C'étaient là ses soldats, qu'il faisait manœuvrer deux heures par jour: un de ses meilleurs moments!

Il avait refusé longtemps d'aller dîner le dimanche à la campagne avec son hôte, M. Bonnard, le marchand de blé.

Un jour enfin il accepta, et il revint en ville en compagnie de M. Gauthier, le chef des républicains, et le principal rédacteur du journal l'Aurore. Ce M. Gauthier était un gros jeune homme, taillé en hercule; il avait de beaux cheveux blonds qu'il portait trop longs, mais c'était là sa seule affectation.

Des gestes simples, une énergie extrême qu'il mettait en tout, une bonne foi évidente, le sauvaient de l'air vulgaire.

C'était un fanatique de bonne foi, mais à travers sa passion pour le gouvernement de la France par elle-même, on apercevait une belle âme. Lucien se fit un plaisir, pendant la route, de comparer cet être à M. Féron; Gauthier, le chef du parti contraire, loin de voler, vivait tout juste de son métier d'arpenteur attaché au cadastre. Quant à son journal, l'Aurore, il lui coûtait cinq à six mille francs par an, outre les mois de prison.
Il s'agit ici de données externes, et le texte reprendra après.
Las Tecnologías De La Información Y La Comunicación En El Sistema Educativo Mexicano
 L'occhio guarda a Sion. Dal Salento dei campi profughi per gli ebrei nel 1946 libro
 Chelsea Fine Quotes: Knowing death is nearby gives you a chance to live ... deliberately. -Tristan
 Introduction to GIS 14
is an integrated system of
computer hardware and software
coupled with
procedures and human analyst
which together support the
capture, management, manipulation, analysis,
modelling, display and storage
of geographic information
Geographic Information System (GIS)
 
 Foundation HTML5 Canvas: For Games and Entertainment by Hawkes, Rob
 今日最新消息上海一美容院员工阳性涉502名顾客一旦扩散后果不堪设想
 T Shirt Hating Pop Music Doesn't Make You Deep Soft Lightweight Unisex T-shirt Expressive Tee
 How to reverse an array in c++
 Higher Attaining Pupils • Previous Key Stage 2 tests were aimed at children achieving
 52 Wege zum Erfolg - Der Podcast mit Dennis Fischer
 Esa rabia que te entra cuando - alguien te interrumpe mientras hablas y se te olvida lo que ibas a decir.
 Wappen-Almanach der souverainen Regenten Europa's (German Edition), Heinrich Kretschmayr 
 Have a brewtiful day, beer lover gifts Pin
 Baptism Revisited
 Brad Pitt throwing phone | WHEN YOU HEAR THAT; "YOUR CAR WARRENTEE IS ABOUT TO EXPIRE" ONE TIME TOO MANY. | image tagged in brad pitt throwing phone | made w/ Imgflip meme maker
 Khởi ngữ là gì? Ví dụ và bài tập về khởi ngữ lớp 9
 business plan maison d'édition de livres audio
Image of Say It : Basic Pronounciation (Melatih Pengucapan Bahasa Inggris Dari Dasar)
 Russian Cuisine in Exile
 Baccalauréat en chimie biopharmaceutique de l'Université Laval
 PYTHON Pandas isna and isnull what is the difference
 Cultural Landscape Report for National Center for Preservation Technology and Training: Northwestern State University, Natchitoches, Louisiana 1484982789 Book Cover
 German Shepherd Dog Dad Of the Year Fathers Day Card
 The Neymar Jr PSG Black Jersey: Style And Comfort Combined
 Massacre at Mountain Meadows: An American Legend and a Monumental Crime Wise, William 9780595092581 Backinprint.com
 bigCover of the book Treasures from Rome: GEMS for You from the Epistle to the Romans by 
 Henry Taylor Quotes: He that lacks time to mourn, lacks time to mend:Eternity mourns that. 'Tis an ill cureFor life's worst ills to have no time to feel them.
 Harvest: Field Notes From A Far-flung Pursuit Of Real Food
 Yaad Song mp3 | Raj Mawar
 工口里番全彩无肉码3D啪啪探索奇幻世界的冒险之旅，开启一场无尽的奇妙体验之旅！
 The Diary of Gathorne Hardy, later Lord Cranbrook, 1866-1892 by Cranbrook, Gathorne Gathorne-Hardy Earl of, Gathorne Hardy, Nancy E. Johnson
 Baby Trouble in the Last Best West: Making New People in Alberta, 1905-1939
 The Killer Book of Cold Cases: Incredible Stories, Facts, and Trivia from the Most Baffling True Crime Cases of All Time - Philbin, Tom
Au bout de quelques jours, cet homme fit exception à tout ce que Lucien voyait à Nancy.

«—Pourquoi ne vous appelez-vous pas Ludovic? Ce serait plus distingué.

«—Nous ne sommes pas à Paris, ici tout le monde se connaît. C'est comme si, au-dessus de ma porte, sur l'écriteau: Gauthier, arpenteur breveté, je mettais Gauthier, professeur d'analyse sublime.»

Il se trouva qu'en effet il était parfaitement en état de discourir sur les découvertes les plus récentes en analyser et cette découverte fut un trésor pour Lucien, qui aimait cette science avec passion.

Il passait des heures entières à discuter avec Gauthier les idées de Fourier sur la chaleur de la terre.